年を重ねてもおしゃれを忘れないで…「人の見る目」<市田ひろみ 連載25>

私の経営する美容室は河原町二条。河原町通りに面していて人通りは多い。

もう4~5年も前になるが、美容室の前でタクシーを待っていたら

「あ、市田ひろみさん、『京都迷宮案内』見てますよ、応援してます!!」

と、軽いおしゃべり。

 

その後、2~3週間に一度くらいか、夕方6時頃、出逢うことが多い。

グレーヘアーにラフなジャケット。パパス風のおしゃれだ。

私と出逢うと

「やっぱりきものはよろしいなあ…」

「来週は寒波が来ますさかい、寒うなりまっせ」

立ち止まることなく、ひとことふたこと、声をかけて、手を振って通りすぎる。

80歳を過ぎた頃だろうか。姿勢が良いし、結構歩いている範囲も広い。

「博物館、行って来ましたえ。琳派誕生4百年ですなあ。ええもんは、あきが来ませんなあ」

いつもさりげなく声かけしてくれるおじさんは、どこの誰か分からないけれど、私のファンだと思っていた。

ファンは大切にしなければ……。

 

ところが、昨年12月。私がエレベーターを降りた時、そのおじさんが私の前を通りすぎて、バス停の方へ歩いてゆくのが見えた。

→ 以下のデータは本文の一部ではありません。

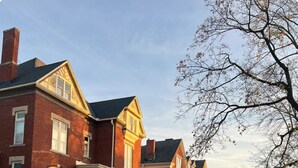 A row of red brick townhouses with a front porch, a sidewalk, and a grassy area with fallen leaves. - Lena's Place (Findlay)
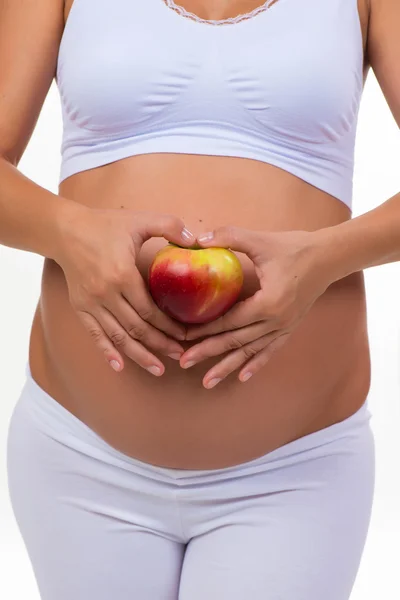 Mulher grávida segurando uma maçã. Vitaminas e alimentos saudáveis durante a gravidez — Fotografia de Stock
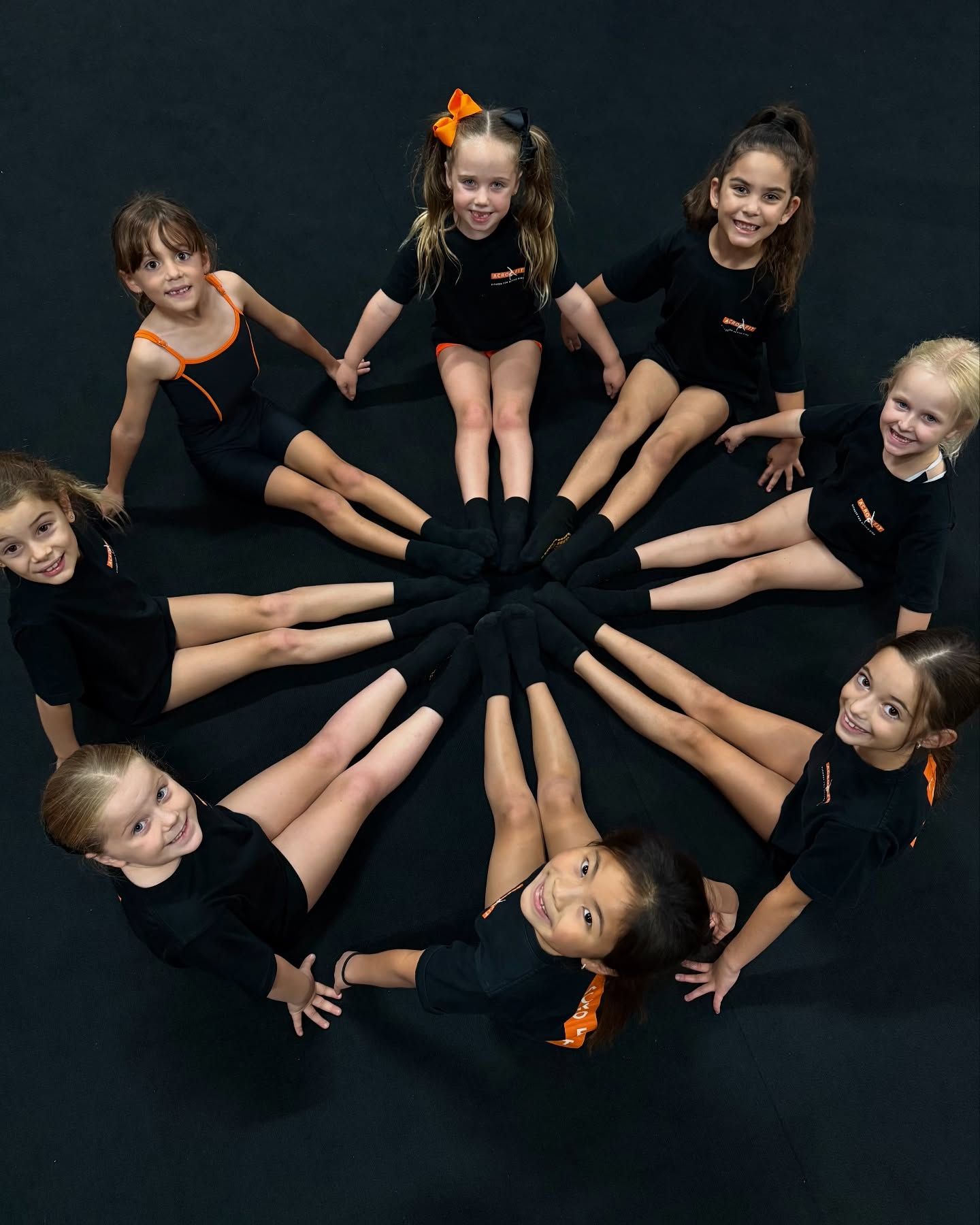 A group of young girls are sitting in a circle with their legs crossed.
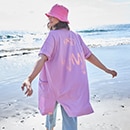 The model is wearing a colourful sweatshirt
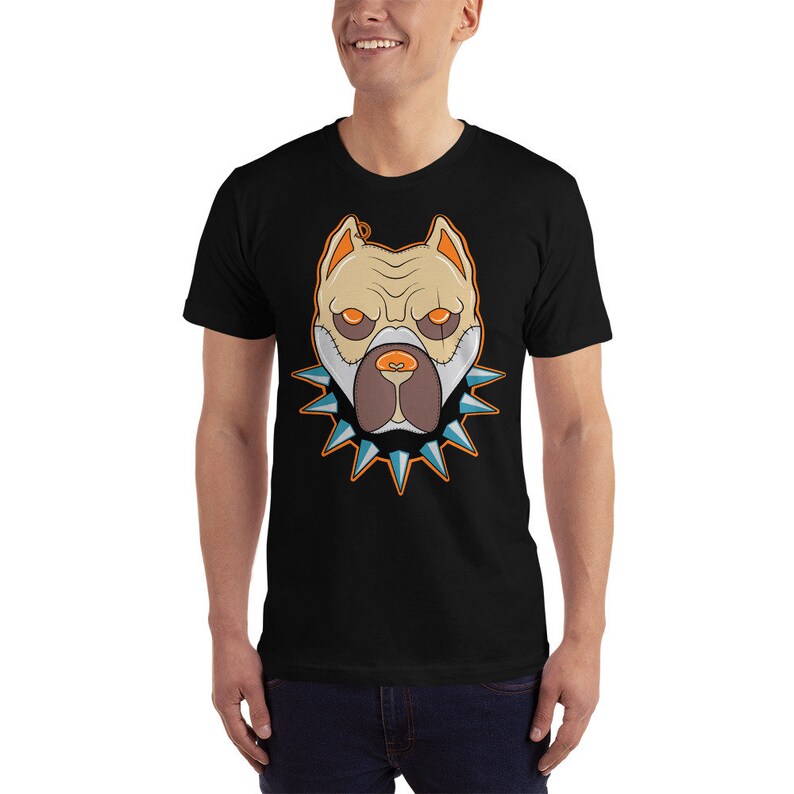May include: A black t-shirt with a graphic of a white pit bull dog wearing a spiked collar. The dog's eyes are orange and the collar is blue and orange.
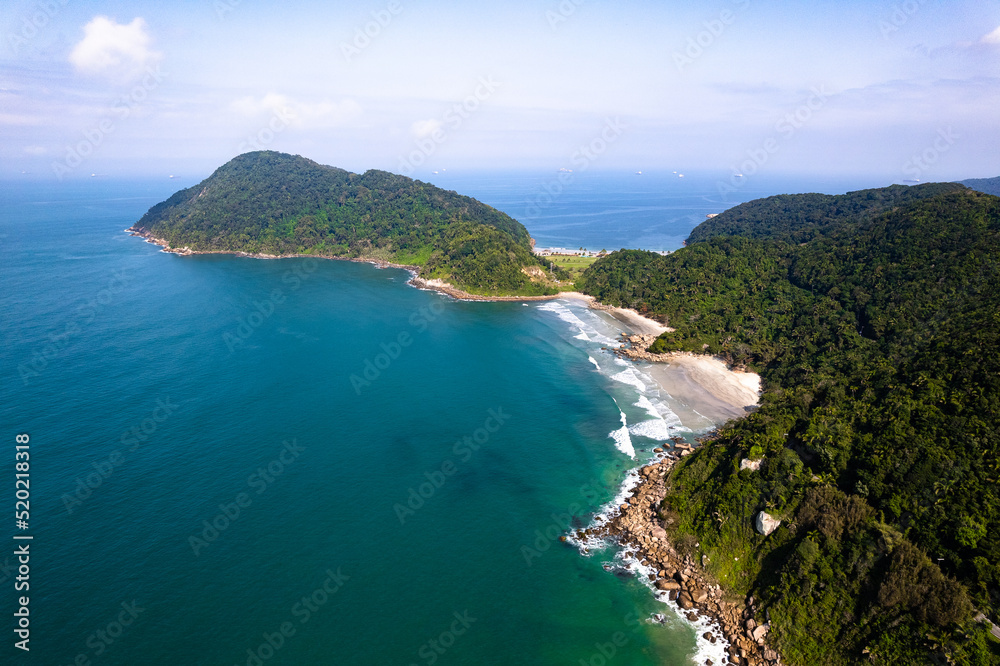Imagem aérea da praia do Tombo, localizada na cidade do Guarujá. Ondas, natureza, montanhas e banhistas.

バス停の椅子には、高齢のおばあさんが一人座っていた。

おじさんは、おばあさんの耳元に

「風邪ひいてませんか? あったこうしてなあ」

私に声かけするように、笑顔で声かけして、さっさと二条通りの方へ歩いていった。

え?

私だけのおじさんと思っていたけれど、高齢者に声かけする親切おじさんだったのだ。

おじさんの真意は分からないけれど、優しい心づかいか?

 

友達がこんなことを話してくれた。

あるデパートの一角に、しそを使った美味しいおかきを置いている店があった。小さなスペースで、おじいさんが一人で接客している。

はかり売りのシステムだ。

友人がその店へおかきを買いにゆくと、手渡す時、必ず

「ちょっと多いめに入れときましたえ」

と言うそうだ。

何枚まけてくれたのかわからないけれど、悪い気はしない。

そのうちに、おじいさんは複数のお客に

「ちょっと多いめに入れときましたえ」

と言うことがわかって、でも、しその力で売れている。

 

「あなただけ」は、コミュニケーションの基本だ。

 

私の美容室に、とてもおしゃれ上手なお客様がいる。

80歳を超えて、なおトラディショナルなコーディネイト。

私はいつも

「素敵ですね」

と褒める。

「おしゃれの秘訣は何ですか?」

「大したことしてませんよ、スカーフかえるくらい」

私も同感だ。パットの流行が終わったら、パットをとる。短いコートが流行ったら、コートをちょっと短くする。スカーフは四角いのと長方形があるが、長方形の方が使いやすい。

スカーフ1枚でコーディネイトが演出できる。

年を重ねても忘れてはいけないのは「人の見る目」だ。

自分流のおしゃれを楽しんでほしい。(老友新聞社)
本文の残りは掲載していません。